Она стоит рядом, по щиколотки в тумане. Красивая! Вся в белом, украшения сияют, а вокруг – солнечный ореол. Умсур из нас самая старшая, старше Мюльдюна, а на вид ей и двадцати весен нет. Врать бесполезно. Вранье она за триста сажен почует. Да и не умею я врать.
– Вроде, узнал…
Она указывает на вершину:
– Столб? Клеть?
– Ага…
– Не туда смотришь.
Рука опускается ниже. Гора с нутряным скрежетом поворачивается, в ржавом склоне открывается дыра. Вход? Пещера?
– Коня здесь оставь.
– А как же…
– Не пропадет. На обратном пути заберешь. Быстрее!

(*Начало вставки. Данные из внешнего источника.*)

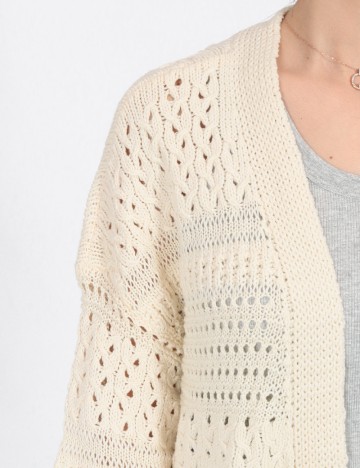 Cardigan Vero Moda, crem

Я спешиваюсь. Треплю Мотылька по холке, прижимаюсь к храпу щекой:
– Жди, мой хороший. Я за тобой вернусь.
Мотылек тянется ко мне губами, но опаздывает.
– За мной!
Вход – напротив нас. Еще чуть-чуть, и будет поздно: гора повернется другим боком. Перед входом – узкий карниз, вроде того, на который я грохнулся в Елю-Чёркёчёх. Ох, далеко! Не допрыгну…
…пропасть – враг.
Враг!
Умсур взмывает в воздух. Стерх? Нет, как была, в человечьем облике. Я беру разбег. Облака проминаются под ногами, но держат. Лечу! Внизу крутится, бурлит серая мгла. Железный склон растет, надвигается…
Бум-м-м-м!
Гулкий звон долго не затихает. Или это у меня в ушах звенит? Стою на четвереньках: карниз, опасный краешек. В руки-ноги колотится мерный стук. Кажется, что в горе стрекочет сверчок-боотур. А вход-то широченный! Сажен
[44]
тридцать в поперечнике, не меньше. Это сверху он маленьким казался. Оглядываюсь. Мотылька не видно – ну да, гора, наверное, уже провернулась…
– Идем, – говорит Умсур.
4. Вот брат твой, Юрюн
Столб был огромен.
Коновязь – вот что первое пришло мне на ум. Свадебная коновязь невесты. Почему невесты? Ну, у нее сверху такая штука, вроде чорона. И здесь похожая штука есть – высоко-высоко, под самой маковкой горы-горищи. Из штуки торчала здоровенная полоса, словно кто-то взял лук, прицелился – хлобысть! – и вогнал в навершие боевую стрелу. Насквозь прошиб, да! Вон, с одной стороны – короткий конец с оперением, а с другой – длинный с наконечником в виде ладошки, только мне его не видно. Я так думаю, что в виде ладошки, но не уверен. Если внимательно смотреть на стрелу, она размывается, превращается в марево, где роятся желтенькие светлячки, и так, маревом, уходит в твердыни утесов. Когда мы подъезжали к горе… Нет, не помню. Кажется, ничего наружу не торчало.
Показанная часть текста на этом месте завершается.